1. L’unzione di Gesù a Betania (Gv 12,1-11)

“Maria prese trecento grammi di profumo di puro nardo, assai prezioso, ne cosparse i piedi di Gesù, poi li asciugò con i suoi capelli” (Gv 12,3)

Gesù è a Betania, sei giorni prima della Pasqua. Qui, Maria, sorella di Lazzaro, compie un gesto di amore incredibile: versa sui piedi di Gesù un profumo costosissimo e li asciuga con i suoi capelli.

Giuda Iscariota critica il gesto, dicendo che il denaro del profumo poteva essere dato ai poveri. Ma Giuda non parla per amore, ma perché rubava dalla cassa comune.
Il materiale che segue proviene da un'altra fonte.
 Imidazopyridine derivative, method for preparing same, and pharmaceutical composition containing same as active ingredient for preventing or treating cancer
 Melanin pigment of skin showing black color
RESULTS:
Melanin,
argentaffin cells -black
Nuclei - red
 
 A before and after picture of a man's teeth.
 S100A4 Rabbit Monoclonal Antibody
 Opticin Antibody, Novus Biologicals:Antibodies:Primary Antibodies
Gesù risponde con parole profetiche:

“Lasciala fare, perché essa lo conservi per il giorno della mia sepoltura” (Gv 12,7)

Maria sta profeticamente ungendo Gesù per la sua sepoltura!
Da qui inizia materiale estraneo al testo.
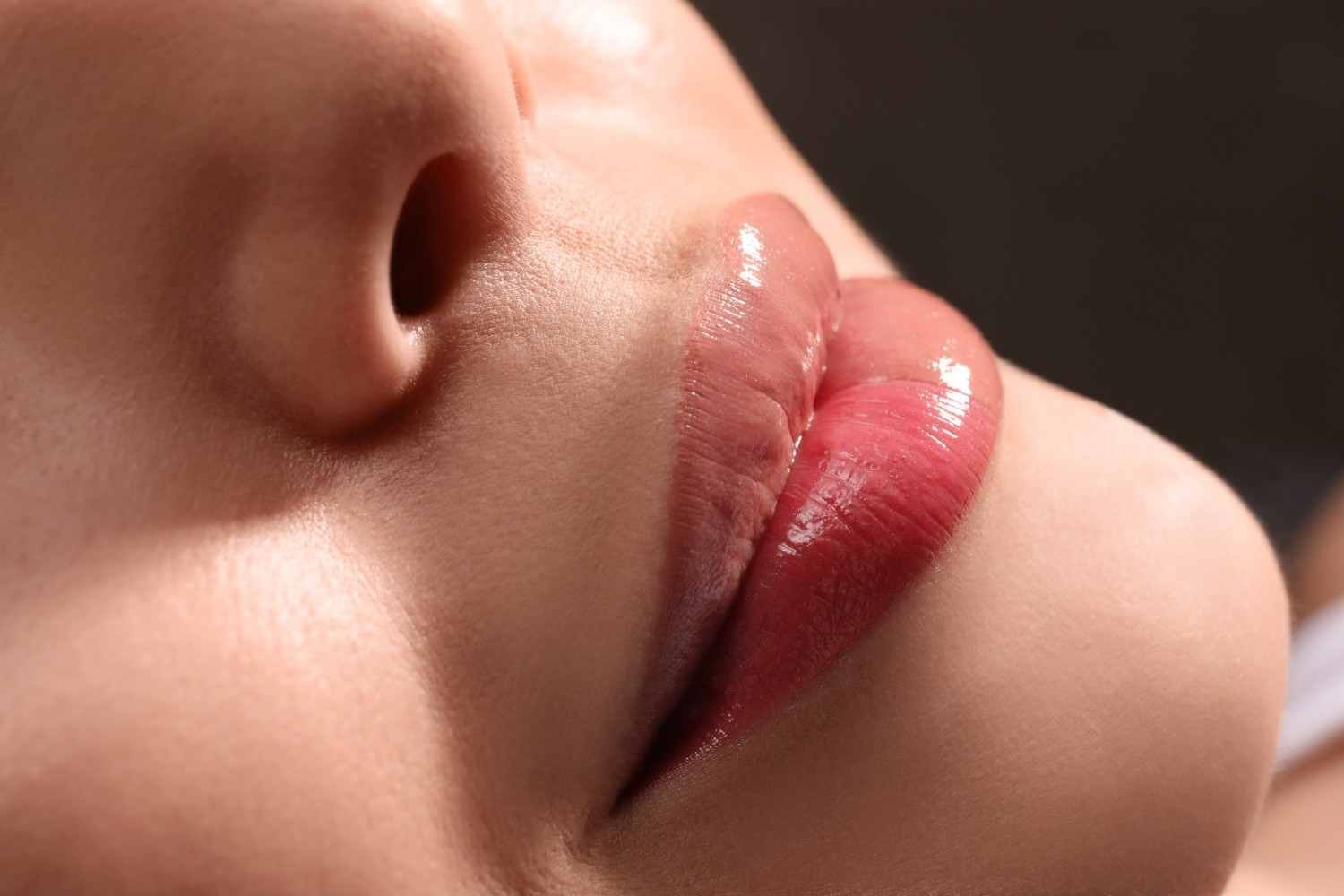 Lip Filler di Balikpapan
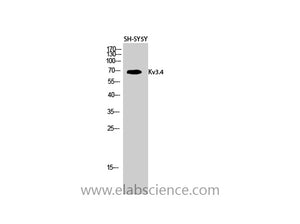 KCNC4 Polyclonal Antibody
Cosa ci insegna questo episodio?

  • Il vero amore per Gesù non ha calcoli: Maria dona tutto.
  • Gesù sa che la sua morte è vicina e accetta questo gesto come preparazione.
  • Giuda rappresenta chi usa la religione per interessi personali.

2. L’ingresso trionfale a Gerusalemme (Gv 12,12-19)

“Osanna! Benedetto colui che viene nel nome del Signore, il re d’Israele!” (Gv 12,13)

Gesù entra a Gerusalemme acclamato dalla folla, ma non su un cavallo da guerra, bensì su un asino, segno di umiltà e pace.

La folla lo acclama, ma pochi giorni dopo griderà: “Crocifiggilo!” Questo ci mostra quanto il cuore umano sia incostante.

I farisei, vedendo il successo di Gesù, dicono con frustrazione:

“Vedete? Il mondo intero gli è andato dietro!” (Gv 12,19)


3. L’ora della glorificazione di Gesù (Gv 12,20-36)

Alcuni Greci vogliono vedere Gesù. E qui Lui annuncia che è arrivata la sua ora:

“Se il chicco di grano, caduto in terra, non muore, rimane solo; se invece muore, produce molto frutto” (Gv 12,24)

Gesù parla della sua morte come un seme che deve morire per portare frutto. È una grande lezione anche per noi: spesso dobbiamo “morire” a noi stessi per portare vero frutto nella vita.

Poi dice:

“Ora l’anima mia è turbata; e che devo dire? Padre, salvami da quest’ora? Ma proprio per questo sono giunto a quest’ora!” (Gv 12,27)

Gesù sente il peso della sua missione, ma la abbraccia per amore.

E poi una voce dal cielo conferma la sua missione, come nel Battesimo e nella Trasfigurazione:

“L’ho glorificato e di nuovo lo glorificherò” (Gv 12,28)


4. La cecità spirituale del popolo (Gv 12,37-50)

Nonostante i miracoli di Gesù, molti non credono in Lui. Questo era stato già profetizzato da Isaia:

“Hanno accecato i loro occhi e indurito il loro cuore” (Gv 12,40)

Gesù conclude con parole fortissime:

“Io sono venuto nel mondo come luce, perché chiunque crede in me non rimanga nelle tenebre” (Gv 12,46)

Ma avverte:

“Chi mi rifiuta e non accoglie le mie parole ha chi lo giudica: la parola che ho detto lo giudicherà nell’ultimo giorno” (Gv 12,48)


Riflessione e attualizzazione

  • Maria ci insegna l’amore totale per Gesù, senza calcoli.
  • Gesù entra a Gerusalemme come Re di Pace, ma il mondo lo rifiuta.
  • Per portare frutto, dobbiamo imparare a “morire” a noi stessi, come il chicco di grano.
  • Gesù è la luce del mondo: siamo aperti ad accoglierlo o abbiamo il cuore indurito?